-- Task statement --
Once you reach the line with "A wedding ceremony", copy it and every line after it exactly, up to the end of the data. Omit the pictures.
------------------------------------
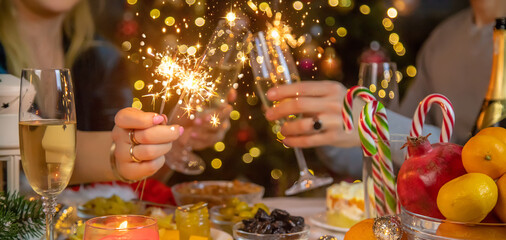 Champagne in hand against the background of the Christmas tree. People. Selective focus.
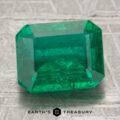 A 2.89-carat Zambia emerald (oiled) in an emerald cut rests on a textured silvery surface, with "Earth's Treasury" shown below.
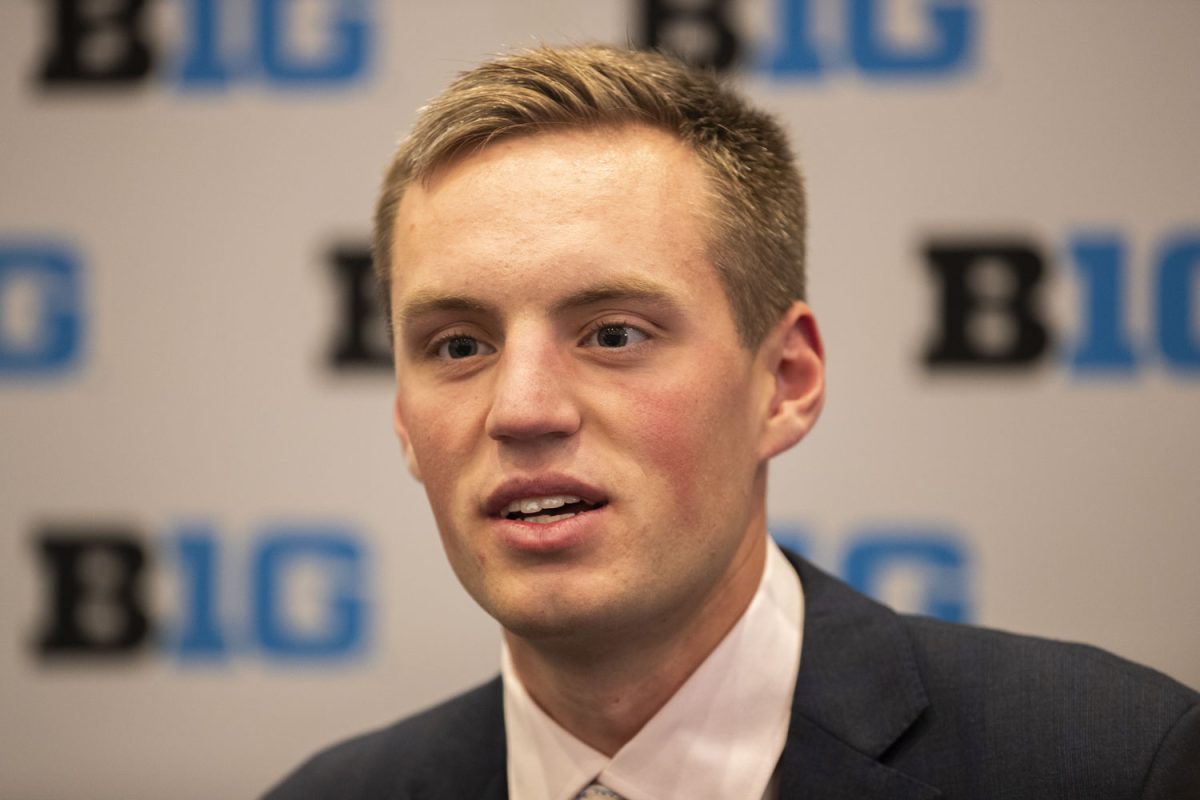 Iowa forward Payton Sandfort answers a reporter’s question during breakout podium interviews at the Big Ten Men’s Basketball Media Days in the Donald E. Stephens Convention Center in Rosemont, Illinois on Oct. 3. Podium interviews alternated between the coaches and two players from each team, lasting throughout the afternoon.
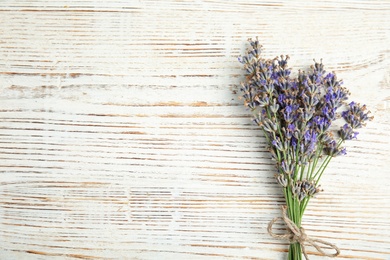 Photo of Blooming lavender flowers on wooden background, top view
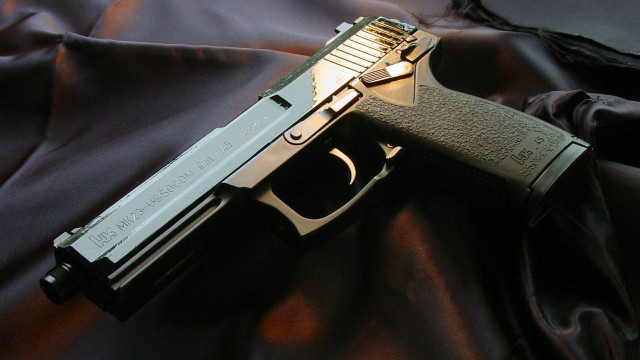 Gun black cloth background puzzle free wallpaper - medium preview image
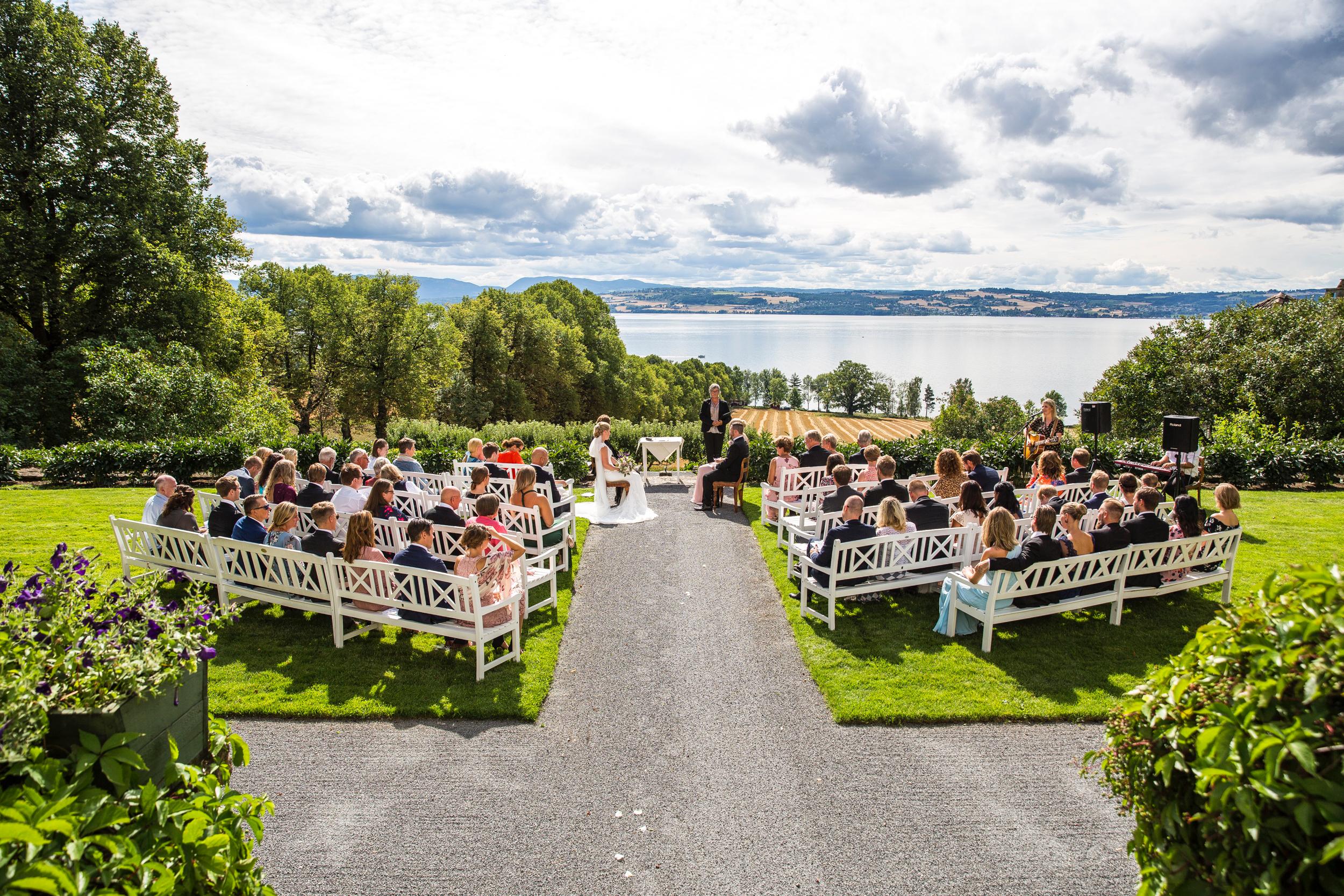 A wedding ceremony outside at the lawn at Hoel Farm by lake Mjøsa in Eastern Norway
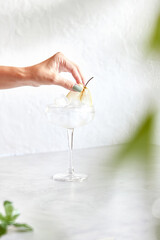 Classic martini with ice. Female hand decorates cocktail with pear slice. On a light background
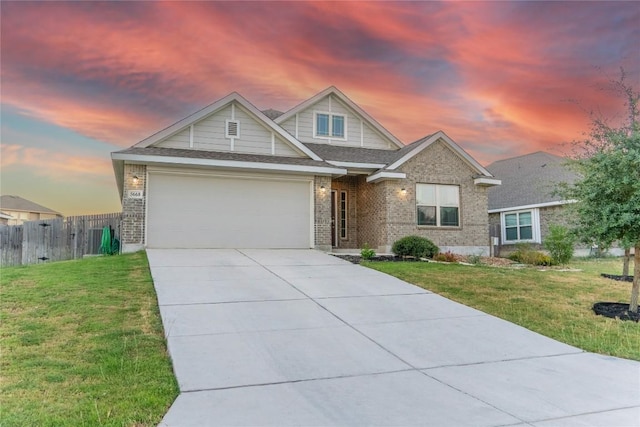 view of front of property featuring a lawn and a garage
------------------------------------
-- Answer box --
 A wedding ceremony outside at the lawn at Hoel Farm by lake Mjøsa in Eastern Norway
 Classic martini with ice. Female hand decorates cocktail with pear slice. On a light background
 view of front of property featuring a lawn and a garage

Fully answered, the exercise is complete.